● **Instructions for the task**: Begin with the line below holding "Marco Pantani wurde" and go on through the line holding "Imágenes de la", duplicating each line exactly and leaving out pictures.

● **Records for this task**:
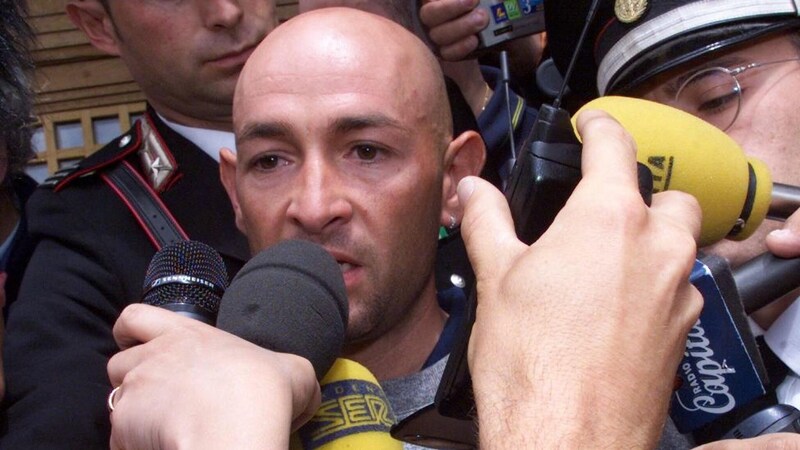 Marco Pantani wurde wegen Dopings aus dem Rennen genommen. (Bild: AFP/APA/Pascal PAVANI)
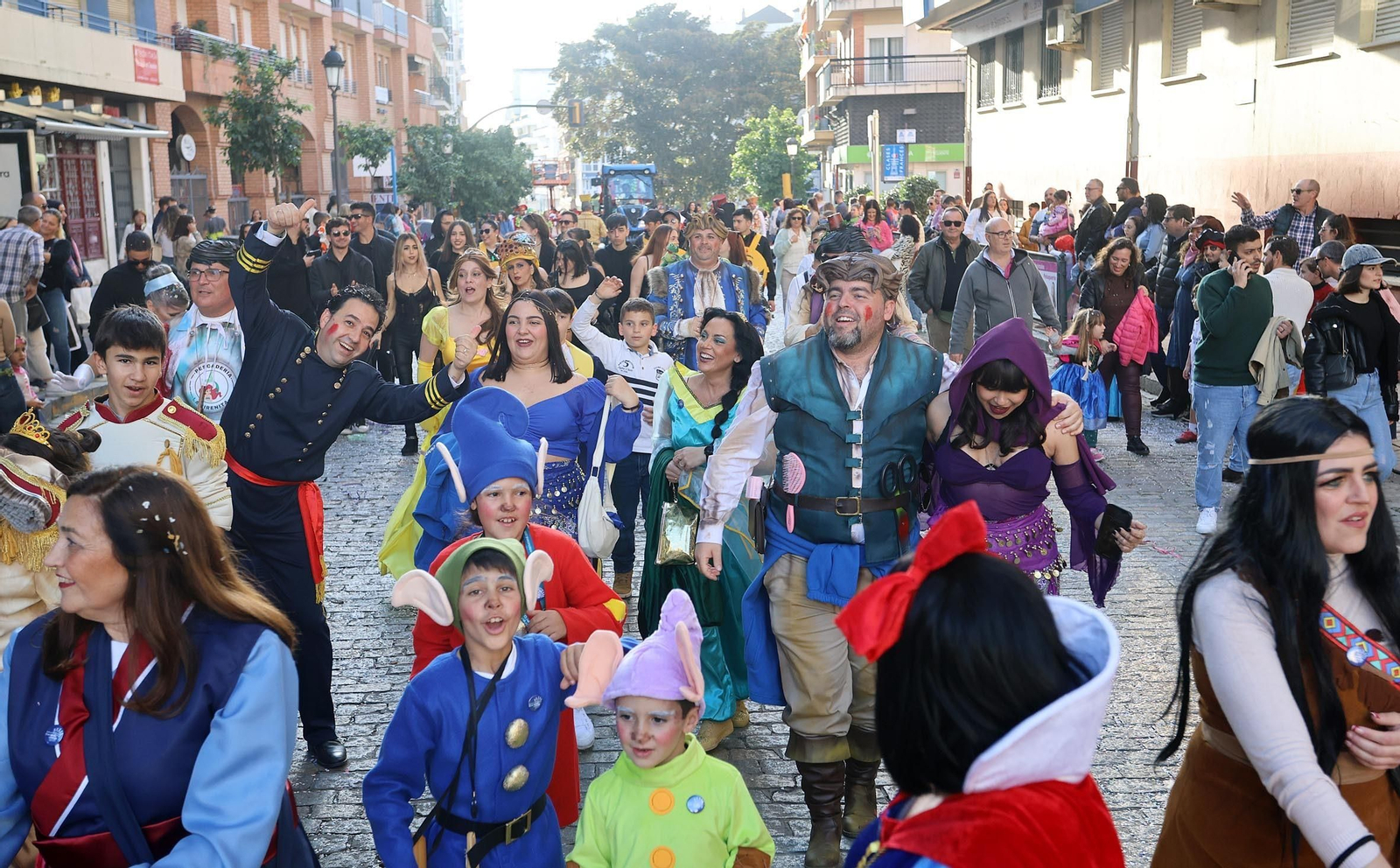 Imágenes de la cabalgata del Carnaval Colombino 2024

---

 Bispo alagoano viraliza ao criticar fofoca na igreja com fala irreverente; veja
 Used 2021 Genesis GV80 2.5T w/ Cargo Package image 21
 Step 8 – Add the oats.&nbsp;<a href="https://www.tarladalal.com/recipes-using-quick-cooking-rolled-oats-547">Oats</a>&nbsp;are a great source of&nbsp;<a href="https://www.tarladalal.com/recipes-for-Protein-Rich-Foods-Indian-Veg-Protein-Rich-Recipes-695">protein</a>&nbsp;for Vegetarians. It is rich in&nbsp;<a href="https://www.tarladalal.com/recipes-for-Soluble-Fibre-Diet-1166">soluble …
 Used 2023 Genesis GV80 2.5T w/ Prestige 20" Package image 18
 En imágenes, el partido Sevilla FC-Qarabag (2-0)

● **Final answer**:
 Marco Pantani wurde wegen Dopings aus dem Rennen genommen. (Bild: AFP/APA/Pascal PAVANI)
 Imágenes de la cabalgata del Carnaval Colombino 2024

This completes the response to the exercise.